British Army barracks in Ireland became safe spaces for Irish Catholic women and children while their husbands and fathers helped Britain win their emerging empire. After the French were defeated in the Napoleonic Wars, many of those soldiers were given free land in Nova Scotia, Prince Edward Island, New Brunswick and Southern Ontario just like their Scottish, English and Welsh counterparts.
This helped the Irish climb above the discrimination that kept them at the bottom of the European heap for centuries, and it meant there were some Irishmen with enough wealth and influence in the colonies to help their impoverished brethren gain a foothold when famine brought them across the Atlantic.

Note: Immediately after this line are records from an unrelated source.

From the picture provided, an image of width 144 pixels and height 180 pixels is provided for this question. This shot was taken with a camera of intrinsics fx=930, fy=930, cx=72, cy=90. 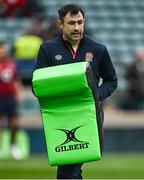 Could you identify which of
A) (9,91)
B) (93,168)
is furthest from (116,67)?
(93,168)

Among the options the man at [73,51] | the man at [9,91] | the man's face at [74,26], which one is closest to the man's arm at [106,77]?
the man at [73,51]

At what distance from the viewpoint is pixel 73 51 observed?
788cm

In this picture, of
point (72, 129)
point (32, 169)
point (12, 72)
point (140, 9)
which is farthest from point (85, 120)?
point (140, 9)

As for the rest of Canada, there had always been Irish soldiers from the earliest times in the French armies in the Americas. Many Irish soldiers hid their identity from British forces by changing their names to French-sounding ones. It’s one of the main reasons a significant number of ‘French’ names in Quebec are not found in France. By the end of the 1600s, it is believed that over a hundred of the 2,500 families in New France were Irish. But nothing could compare to over half a million Irish immigrants who arrived in the famine years.
In 1847 at the height of the Irish famine, as estimated 17,000 Irish emigrants died on ships before they reached Île de Grâce or Grosse Island quarantine station, 46 km downstream from Quebec City. Of these over 38 hundred are buried at Grosse Ile, while approximately another 5,000 are buried at the Pointe Saint-Charles sheds in Montreal.
The second major point of entry was Partridge Island quarantine station outside Saint John, New Brunswick. A small number also arrived in Halifax and other eastern ports.
Many hundreds of orphans of Irish parents or grandparents who didn’t survive the trip were placed with Francophone Catholics in Canada East, and with English-speaking Protestants in New Brunswick. In many cases they keep their Irish surnames.
During this period Irish Catholics made up 60% of all migrants to Canada. Initially most faced major discrimination, hardship and a worse situation than back home. But it is instructive that almost none wanted to return to Ireland. Once they found their way, they would have a major role in how their emerging new country would be built.